Destino, speranza, meditazione: Pierre Hadot, del Collège de France, ricostruisce gli «esercizi spirituali» del poeta tedesco

«Ricordati di vivere». L’inno alla vita di Goethe

-  Ha scritto Goethe: «Perché dovrei, in una vita così breve, tormentarmi? Perciò ti raccomando: memento vivere»

-  Gli esercizi spirituali di Goethe sono atti dell’intelletto con i quali l’individuo si sforza di trasformare il suo modo di vedere il mondo al fine di trasformare se stesso

di Nuccio Ordine (Corriere della Sera, 30.08.2009)

«Memento mori! / perché do­vrei, in una vita così breve, / tormentarmi?»: Johann Wolfgang Goe­the, in una stupenda poesia intitolata «Genio librantesi sopra la terra», tesse un inno alla vita, mostrando i limiti di una cultura dominata dal pensiero della morte. «Perciò, come un vecchio barbo­gio, / docendo ti raccomando, / caro amico, secondo il tuo modo, / Memen­to vivere, non altro». Il genio che vola al­to, nel tentativo di abbracciare l’infinito, si commuove di fronte allo spettacolo cosmico e scoprendosi parte del tutto trasforma la sua meraviglia in un amore illimitato per la vita.

L’esistenza merita di essere vissuta di per sé senza lasciarsi distrarre dalla pro­messa di altre vite altrove. Basta un atti­mo eccezionale, un’occasione insperata, per capire che la vita che stiamo viven­do, nonostante difficoltà e pene, ci può far gioire della vita e che le cose terrene non meritano disprezzo ma possono essere fonte di un’intensa felicità, incitando l’io ad andare oltre se stesso per mettersi anche al servizio degli altri.

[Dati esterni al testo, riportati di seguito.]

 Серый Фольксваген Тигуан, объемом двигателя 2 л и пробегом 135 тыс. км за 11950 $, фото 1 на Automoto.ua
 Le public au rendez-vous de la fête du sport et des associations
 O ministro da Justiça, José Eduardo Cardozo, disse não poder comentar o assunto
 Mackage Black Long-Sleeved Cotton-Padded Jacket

A queste straordinarie riflessioni di Goethe dedica pagine appassionate Pier­re Hadot, professore emerito nel Collè­ge de France e internazionalmente rico­nosciuto come uno dei più grandi spe­cialisti di filosofia antica. Nel suo ultimo libro, Ricordati di vivere. Goethe e la tra­dizione degli esercizi spirituali - edito da Cortina (pp. 174, e 19,50) nell’ottima traduzione italiana di Anna Chiara Pe­duzzi - lo studioso ci propone una pro­fonda analisi dei testi goethiani alla luce delle fonti classiche (con una particola­re attenzione per epicurei, stoici e cini­ci). E attraverso tre ricchi capitoli, ci mo­stra come Goethe abbia compiuto dei ve­ri e propri «esercizi spirituali», espres­sione più volte utilizzata da Hadot in di­versi suoi libri e che, contrariamente a quanto credono alcuni critici, non ha nessuna connotazione religiosa. «Si trat­ta - specifica l’autore nella sua introdu­zione - di atti dell’intelletto o dell’im­maginazione o della volontà caratterizza­ti dalla loro finalità: grazie ad essi, l’indi­viduo si sforza di trasformare il suo mo­do di vedere il mondo al fine di trasfor­mare se stesso».

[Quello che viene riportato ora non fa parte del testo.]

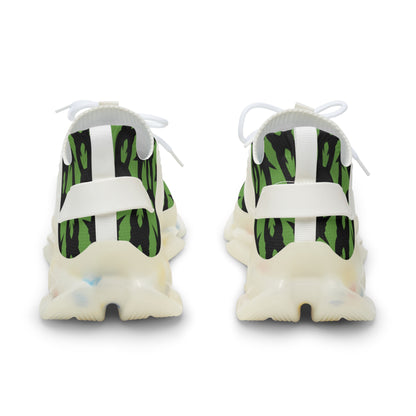 MAJBWR - Street X Green Star Sneakers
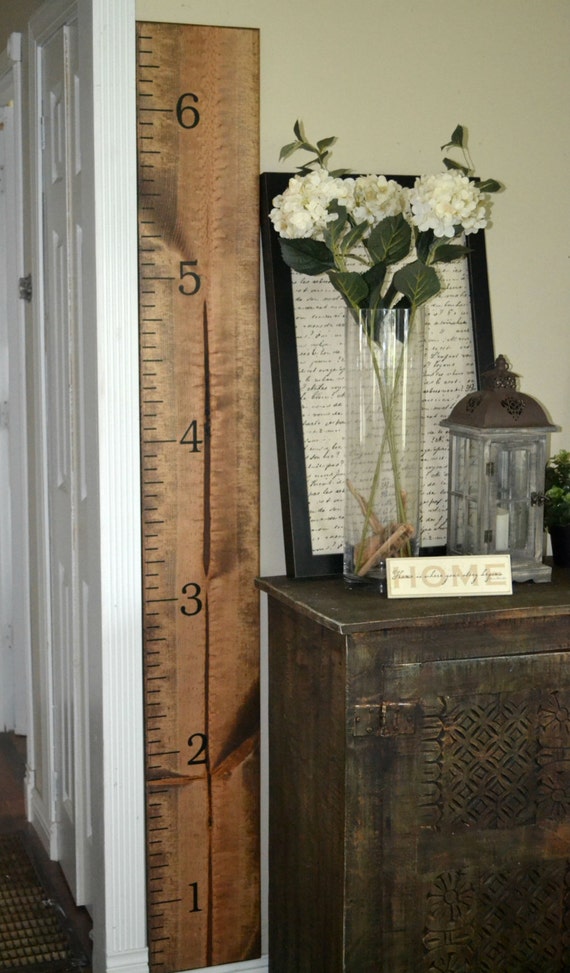 Growth Chart Wooden Height Chart Kids Height Chart Height   Il 570xN.656840583 Erdy 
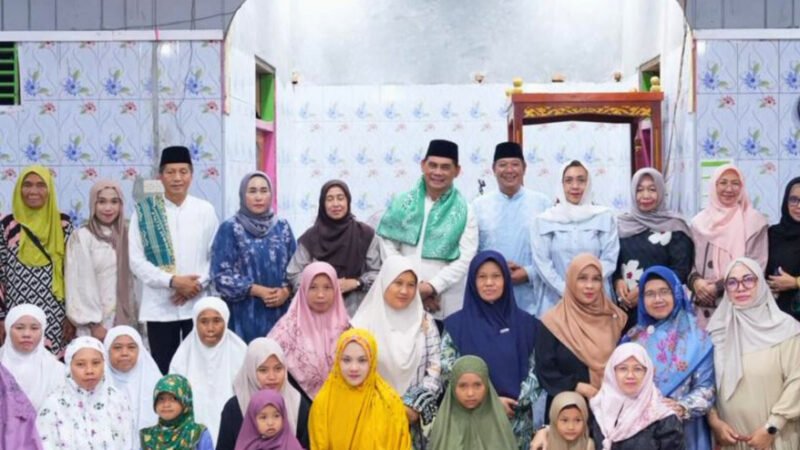 Safari Ramadan di Desa Batu Raya I, Bupati Tekankan Kebersamaan dan Persatuan
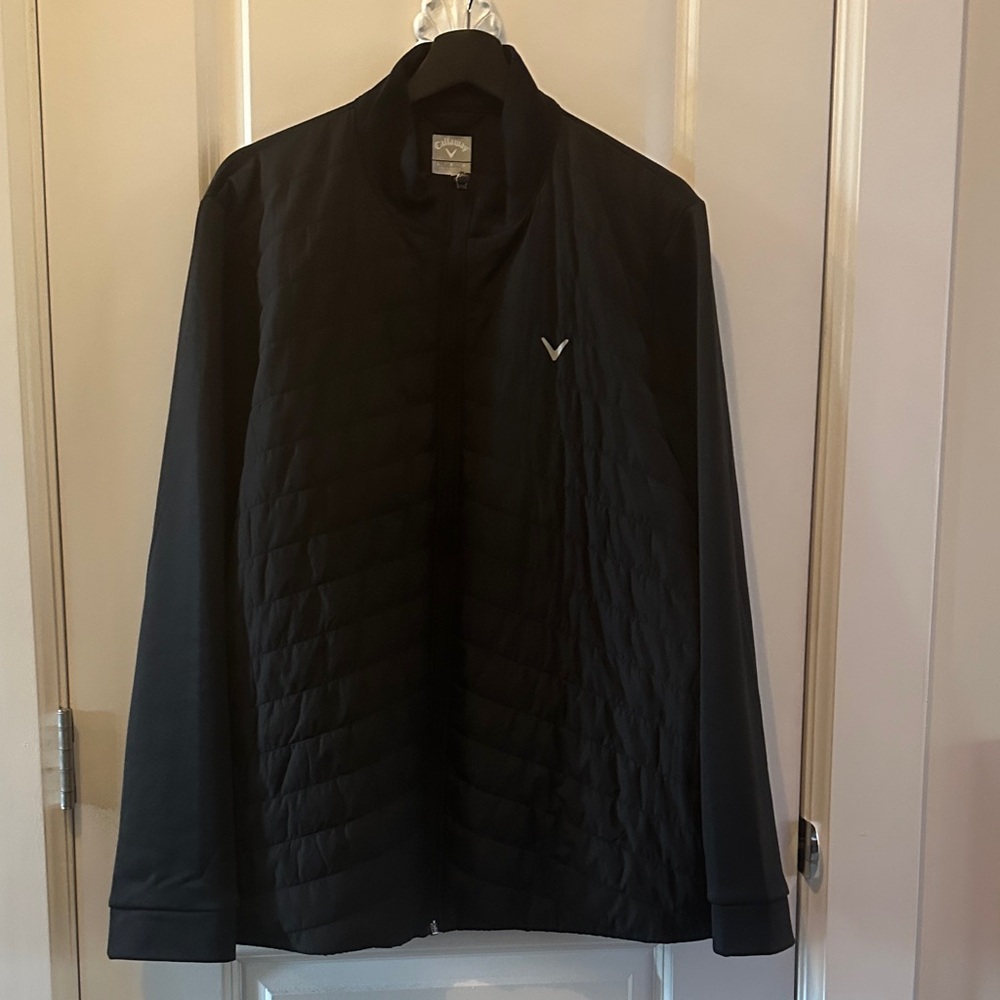 Men's Calloway Golf Black Jacket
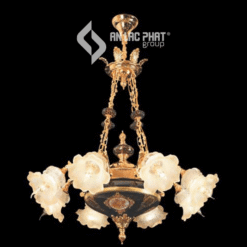 Đèn chùm hoa độc đáo phong cách cổ điển Euroto C-152/8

Hadot inizia soffermandosi sull’eser­cizio che più volte ritorna nell’opera di Goethe: concentrarsi sull’istante presen­te, cercando di vivere intensamente ogni attimo dell’esistenza. Nell’avvincen­te dialogo tra Faust («L’animo allor pla­cato non guarda a ciò che è stato né a quello che sarà. Solo il presente...») ed Elena («... è la nostra felicità») si concre­tizza lo splendore dell’essere: per liberar­si dalle banalità e dalla trivialità del quo­tidiano non c’è bisogno di evadere dalla realtà rifugiandosi nel passato o nel futu­ro, ma occorre sapersi liberare dagli ego­ismi che ci impediscono di vedere lo splendore del momento presente. Pro­prio in questa magica percezione è pos­sibile cogliere il senso profondo del valo­re della vita.

Basta librarsi in volo verso il cielo stel­lato o ascendere una montagna per intra­prendere un altro esercizio spirituale ca­ro all’olimpico Goethe. E proprio nel se­condo capitolo, Hadot mostra come lo sguardo dall’alto consenta ai personaggi goethiani di vivere istanti eccezionali at­traverso la contemplazione della natura. Il sublime spettacolo delle cose che ci circondano simbolizza anche il piacere e la serenità provocati dalla poesia o dall’arte, anch’esse sospese, come l’uomo, tra il cielo e la terra.

Nell’interpretazione della poesia intitolata «Parole primordiali» è possibile, per Hadot, individuare il terzo esercizio spirituale, fondato sulla «descrizione del destino umano», in cui la speranza «fa da coronamento alla poesia», costituendo un «atteggiamento fondamentale».

Alla fine di questo percorso affascinante il lettore ritroverà l’eco dell’amore di Goethe per la vita dalla prima all’ultima pagina del libro. E non potrà fare a meno di apprezzare che il rilancio dell’in­vito a vivere del poeta tedesco sia oggi promosso da un entusiasta ottantasetten­ne. Questo Goethe, nella rilettura di Ha­dot, ci insegna che non è vero che al di fuori dell’eternità non ci possa essere feli­cità. Dire sì al vivere e al mondo significa imparare a dare un valore infinito agli istanti minimi della nostra esistenza.